** Opening Record set block **
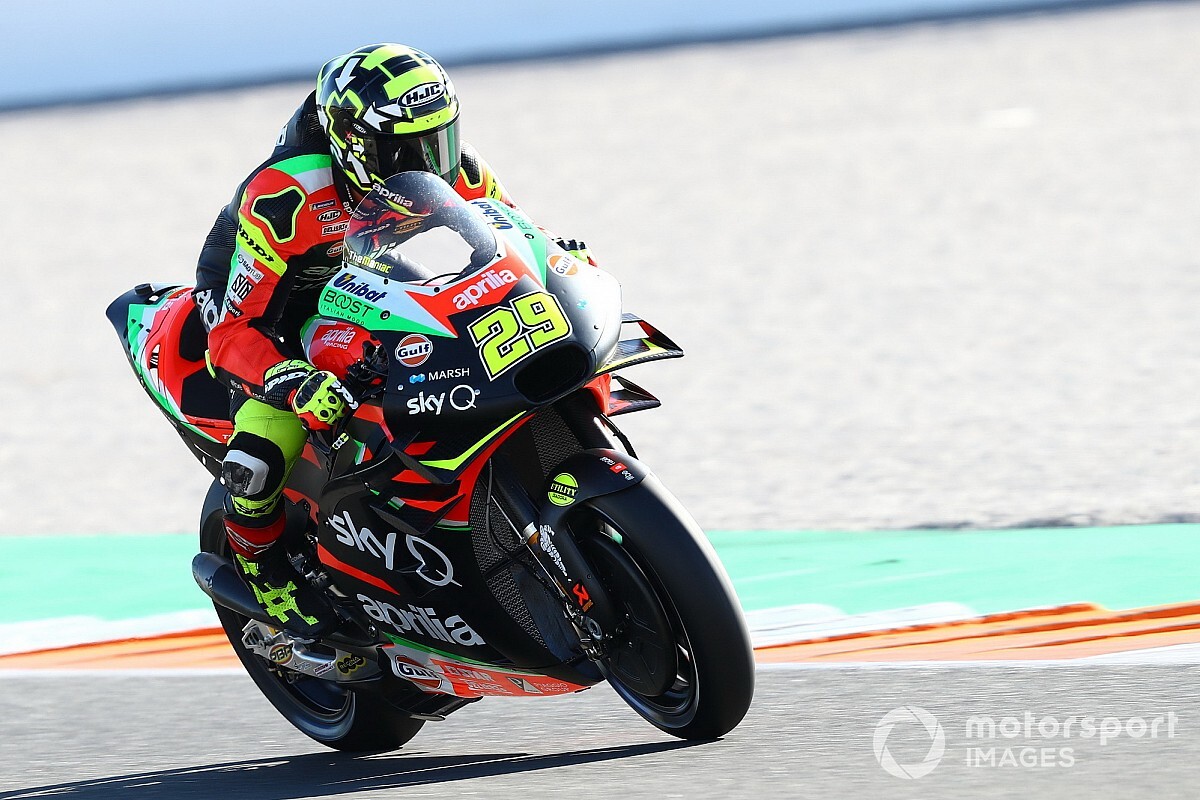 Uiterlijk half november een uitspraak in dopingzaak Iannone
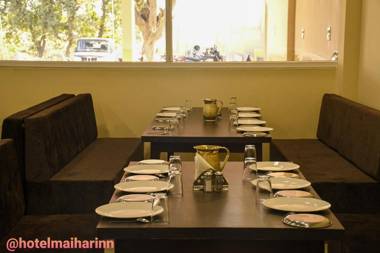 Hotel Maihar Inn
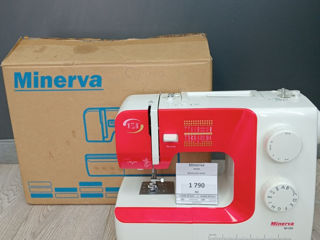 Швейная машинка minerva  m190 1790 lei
** Closing Record set block **
** Opening Record set block **
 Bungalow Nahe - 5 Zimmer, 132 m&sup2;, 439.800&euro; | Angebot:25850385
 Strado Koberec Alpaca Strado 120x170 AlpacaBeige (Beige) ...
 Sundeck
** Closing Record set block **
** Opening Record set block **
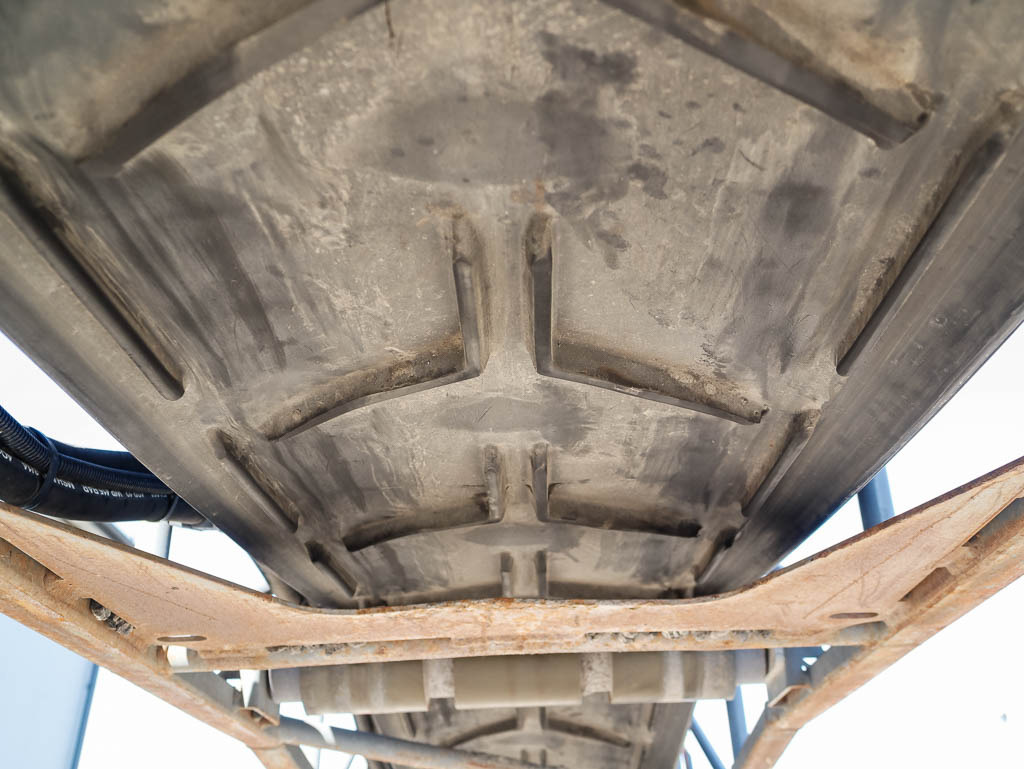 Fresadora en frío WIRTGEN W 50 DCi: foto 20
** Closing Record set block **
Task instructions >> Find the line with "Uiterlijk half november" in the entries above. Set down exactly every line from it up to and including the line with "Швейная машинка minerva", images excluded.

Exercise solution >>
 Uiterlijk half november een uitspraak in dopingzaak Iannone
 Hotel Maihar Inn
 Швейная машинка minerva  m190 1790 lei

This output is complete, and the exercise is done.